Because, in the end, if one were to judge POTTED POTTER: THE UNAUTHORIZED POTTER EXPERIENCE as any sort of conventional précis of Rowling’s literary output, it would be lucky to achieve a passing grade from any but the most indulgent teacher of English Lit. But, rest assured, it would crack up the class in the process. POTTED POTTER opened in an already extended run Tuesday at the Panasonic Theatre, where it is currently slated to run through March 25.

It is the brainchild of two young British blokes — Daniel Clarkson and Jefferson Turner — who have somehow managed to hitch their wagon to the young wizard’s wand and conjure up an international franchise of sorts, for while POTTED POTTER marks their Canadian première, they’ve already scored big in their homeland with Potted Pirates and the Olivier-nominated Potted Panto, in addition to this show (which has apparently toured to Australia and points east in 2009.)

It’s an impressive track record for everybody but Harry, it seems, for even the kids in Tuesday’s opening audience quickly figured out that the fun of this show does not grow so much from this duo’s ability to distill the essence of Harry Potter — all seven books in 70 minutes, they claim— as it does from their ability to ride the giddy waves of their own creativity.

In the grand tradition of comedic duos, there is a straight man — in this case, the more earnest and compact Turner, who for most of the show essays the role of Potter — and a cut-up — the lanky, loopy Clarkson, who will, we are told at the top of the show, essay the other 300-odd characters the seven books reveal. And while he doesn’t even come close to that number, he achieves such heights of silliness and charm with the ones he does tackle that you’re likely to lose count along about the time the evil Voldemort makes his second appearance.

While Clarkson cuts up and cracks wise, the hapless and earnest Turner tries — but not too mightily — to keep things on track and cleave to the Potter plotlines, a task that is ultimately accomplished, at least in the broadest sense of the word, with the aid of everything from flow charts to faux hip-hop. And when the action flags, as it inevitably must in these kinds of silly-bugger, jolly-hockey-sticks Fringe works, Clarkson always has the answer — and that answer is always a rousing game of quidditch, which will eventually have the entire theatre eating out of his hand, while it gives Turner a chance to demonstrate his comedic chops, as well.

With two such natural talents on his hands, director Richard Hunt hasn’t exactly shot his budget on sets (designed, such as they are, by Simon Scullion) and effects — a fact of which as much is made throughout the show as any of Rowling’s increasingly predictable plot points.

Instead, he gives his two talented performers more or less free reign, within what one suspects is some pretty rigid and family-friendly confines, and sets them loose.
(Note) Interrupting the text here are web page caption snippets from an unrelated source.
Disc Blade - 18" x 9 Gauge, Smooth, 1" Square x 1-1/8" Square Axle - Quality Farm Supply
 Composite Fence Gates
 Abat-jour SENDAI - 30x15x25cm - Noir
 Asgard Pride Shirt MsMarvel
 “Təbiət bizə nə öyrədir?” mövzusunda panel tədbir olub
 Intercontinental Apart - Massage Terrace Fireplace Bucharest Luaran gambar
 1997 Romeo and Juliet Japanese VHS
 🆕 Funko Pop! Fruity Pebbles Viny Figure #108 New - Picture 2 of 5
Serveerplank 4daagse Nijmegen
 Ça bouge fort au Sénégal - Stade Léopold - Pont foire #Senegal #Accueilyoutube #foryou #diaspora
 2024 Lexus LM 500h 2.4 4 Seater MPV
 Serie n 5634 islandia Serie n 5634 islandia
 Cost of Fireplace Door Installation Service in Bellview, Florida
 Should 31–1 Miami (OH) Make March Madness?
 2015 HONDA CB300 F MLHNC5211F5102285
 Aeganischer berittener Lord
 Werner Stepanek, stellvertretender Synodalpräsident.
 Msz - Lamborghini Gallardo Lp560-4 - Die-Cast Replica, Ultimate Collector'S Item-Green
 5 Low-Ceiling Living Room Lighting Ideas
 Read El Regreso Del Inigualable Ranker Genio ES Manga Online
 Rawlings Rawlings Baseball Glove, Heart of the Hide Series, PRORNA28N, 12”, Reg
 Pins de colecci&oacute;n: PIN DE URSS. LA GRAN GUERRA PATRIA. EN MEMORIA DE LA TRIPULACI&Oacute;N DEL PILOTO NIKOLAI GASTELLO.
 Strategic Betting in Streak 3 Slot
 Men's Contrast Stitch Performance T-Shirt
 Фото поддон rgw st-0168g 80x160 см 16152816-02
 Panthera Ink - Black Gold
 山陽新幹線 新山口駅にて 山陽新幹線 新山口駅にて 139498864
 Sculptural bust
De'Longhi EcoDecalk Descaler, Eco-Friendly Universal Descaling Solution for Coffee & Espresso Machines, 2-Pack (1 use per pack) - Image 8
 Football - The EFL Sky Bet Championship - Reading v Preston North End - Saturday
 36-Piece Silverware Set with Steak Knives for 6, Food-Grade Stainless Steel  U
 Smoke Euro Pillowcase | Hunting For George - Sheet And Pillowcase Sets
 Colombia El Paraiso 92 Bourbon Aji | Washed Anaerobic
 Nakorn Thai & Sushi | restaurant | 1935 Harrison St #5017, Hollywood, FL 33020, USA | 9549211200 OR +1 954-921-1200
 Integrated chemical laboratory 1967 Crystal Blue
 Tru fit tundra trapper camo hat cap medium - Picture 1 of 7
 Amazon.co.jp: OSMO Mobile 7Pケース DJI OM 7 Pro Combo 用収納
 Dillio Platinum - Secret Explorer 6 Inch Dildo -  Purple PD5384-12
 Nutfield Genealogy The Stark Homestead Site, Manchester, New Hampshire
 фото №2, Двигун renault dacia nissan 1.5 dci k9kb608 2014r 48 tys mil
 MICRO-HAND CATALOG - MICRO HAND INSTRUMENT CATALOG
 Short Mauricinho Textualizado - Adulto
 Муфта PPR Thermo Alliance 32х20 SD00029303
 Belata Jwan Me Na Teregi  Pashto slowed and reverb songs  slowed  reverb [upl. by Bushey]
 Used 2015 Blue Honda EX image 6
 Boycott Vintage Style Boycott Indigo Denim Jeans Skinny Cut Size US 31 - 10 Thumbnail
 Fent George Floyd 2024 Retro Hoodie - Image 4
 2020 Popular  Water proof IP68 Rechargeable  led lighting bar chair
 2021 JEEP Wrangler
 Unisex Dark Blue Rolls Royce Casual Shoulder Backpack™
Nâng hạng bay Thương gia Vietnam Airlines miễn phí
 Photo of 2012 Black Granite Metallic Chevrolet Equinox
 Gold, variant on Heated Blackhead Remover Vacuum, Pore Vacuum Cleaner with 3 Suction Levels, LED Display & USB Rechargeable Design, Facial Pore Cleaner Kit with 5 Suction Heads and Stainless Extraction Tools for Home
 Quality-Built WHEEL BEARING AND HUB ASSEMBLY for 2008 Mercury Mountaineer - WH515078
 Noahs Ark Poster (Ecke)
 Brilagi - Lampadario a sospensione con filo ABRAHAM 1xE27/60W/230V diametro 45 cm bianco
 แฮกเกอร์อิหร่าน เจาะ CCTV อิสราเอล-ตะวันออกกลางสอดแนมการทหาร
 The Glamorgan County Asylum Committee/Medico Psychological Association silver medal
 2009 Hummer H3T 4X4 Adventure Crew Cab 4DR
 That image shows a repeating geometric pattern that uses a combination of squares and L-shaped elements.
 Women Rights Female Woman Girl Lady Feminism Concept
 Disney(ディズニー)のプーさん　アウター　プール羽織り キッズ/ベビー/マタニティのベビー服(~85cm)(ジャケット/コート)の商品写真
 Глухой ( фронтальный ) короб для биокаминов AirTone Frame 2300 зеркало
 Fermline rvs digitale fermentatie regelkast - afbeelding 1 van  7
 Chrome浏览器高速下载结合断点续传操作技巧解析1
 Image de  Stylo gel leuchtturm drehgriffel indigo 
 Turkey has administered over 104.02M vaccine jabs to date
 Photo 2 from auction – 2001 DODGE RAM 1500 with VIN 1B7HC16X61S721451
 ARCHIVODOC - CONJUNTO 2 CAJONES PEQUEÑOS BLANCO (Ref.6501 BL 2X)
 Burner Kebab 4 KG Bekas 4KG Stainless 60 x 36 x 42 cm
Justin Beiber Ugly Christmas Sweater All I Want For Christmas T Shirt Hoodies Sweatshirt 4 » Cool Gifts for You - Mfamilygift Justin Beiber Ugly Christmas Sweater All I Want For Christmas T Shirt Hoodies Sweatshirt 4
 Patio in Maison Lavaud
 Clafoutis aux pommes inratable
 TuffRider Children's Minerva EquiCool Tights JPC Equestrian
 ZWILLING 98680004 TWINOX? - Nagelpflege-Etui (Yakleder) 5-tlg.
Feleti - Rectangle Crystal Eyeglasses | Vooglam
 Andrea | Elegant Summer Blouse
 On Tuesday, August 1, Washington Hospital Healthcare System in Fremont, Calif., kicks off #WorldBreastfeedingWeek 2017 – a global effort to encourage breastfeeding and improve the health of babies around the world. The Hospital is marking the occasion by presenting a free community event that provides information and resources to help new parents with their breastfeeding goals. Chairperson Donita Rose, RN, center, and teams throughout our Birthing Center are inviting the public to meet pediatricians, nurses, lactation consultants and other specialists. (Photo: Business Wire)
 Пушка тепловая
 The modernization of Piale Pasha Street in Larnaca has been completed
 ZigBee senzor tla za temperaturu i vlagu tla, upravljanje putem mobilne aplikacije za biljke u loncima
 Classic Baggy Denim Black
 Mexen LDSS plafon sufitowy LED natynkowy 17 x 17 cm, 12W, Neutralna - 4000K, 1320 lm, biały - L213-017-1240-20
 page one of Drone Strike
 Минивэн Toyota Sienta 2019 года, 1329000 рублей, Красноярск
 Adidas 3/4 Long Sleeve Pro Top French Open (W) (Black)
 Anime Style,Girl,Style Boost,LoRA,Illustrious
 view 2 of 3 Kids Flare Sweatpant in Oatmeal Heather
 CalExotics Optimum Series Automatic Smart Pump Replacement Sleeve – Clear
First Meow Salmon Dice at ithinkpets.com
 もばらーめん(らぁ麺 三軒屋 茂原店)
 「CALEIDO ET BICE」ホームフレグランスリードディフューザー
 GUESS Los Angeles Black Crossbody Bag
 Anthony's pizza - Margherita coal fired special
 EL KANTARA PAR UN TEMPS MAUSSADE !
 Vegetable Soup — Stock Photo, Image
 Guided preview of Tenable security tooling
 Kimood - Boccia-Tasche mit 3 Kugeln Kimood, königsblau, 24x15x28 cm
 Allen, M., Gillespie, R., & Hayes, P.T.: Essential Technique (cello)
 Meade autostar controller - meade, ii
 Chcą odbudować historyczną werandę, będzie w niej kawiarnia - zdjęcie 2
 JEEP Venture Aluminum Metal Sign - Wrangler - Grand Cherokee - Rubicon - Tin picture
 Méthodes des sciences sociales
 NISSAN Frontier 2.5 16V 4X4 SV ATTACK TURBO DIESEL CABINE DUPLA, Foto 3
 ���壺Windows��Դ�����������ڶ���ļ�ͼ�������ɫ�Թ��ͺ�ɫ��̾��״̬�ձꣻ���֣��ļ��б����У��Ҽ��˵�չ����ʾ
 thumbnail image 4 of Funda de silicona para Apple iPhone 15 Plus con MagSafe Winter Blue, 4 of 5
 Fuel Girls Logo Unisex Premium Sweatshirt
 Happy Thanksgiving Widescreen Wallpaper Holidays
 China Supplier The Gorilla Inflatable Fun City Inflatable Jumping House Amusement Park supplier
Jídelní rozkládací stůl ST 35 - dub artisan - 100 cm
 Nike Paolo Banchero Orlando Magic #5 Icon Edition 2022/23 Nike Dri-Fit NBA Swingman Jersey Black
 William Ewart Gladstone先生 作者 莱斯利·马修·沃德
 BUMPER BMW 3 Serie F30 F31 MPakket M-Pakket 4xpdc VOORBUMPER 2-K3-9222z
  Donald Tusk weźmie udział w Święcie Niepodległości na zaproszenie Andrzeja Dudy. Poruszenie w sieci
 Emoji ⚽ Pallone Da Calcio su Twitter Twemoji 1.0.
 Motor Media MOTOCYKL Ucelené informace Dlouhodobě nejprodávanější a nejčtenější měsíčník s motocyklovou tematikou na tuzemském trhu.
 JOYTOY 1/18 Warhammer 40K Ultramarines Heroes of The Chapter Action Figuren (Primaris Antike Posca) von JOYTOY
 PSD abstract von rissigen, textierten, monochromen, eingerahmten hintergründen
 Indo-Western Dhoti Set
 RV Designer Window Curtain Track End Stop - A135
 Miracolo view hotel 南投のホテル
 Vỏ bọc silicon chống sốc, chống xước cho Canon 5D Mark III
And if, as on opening night, things start to go wrong with everything from chocolate to sound equipment, well, so much the better. These guys have obviously been performing together and performing well for so long that such technical difficulties represent nothing more than good comedic meat into which they can sink their teeth. And, in its current state, POTTED POTTER promises to keep them dining out for quite awhile.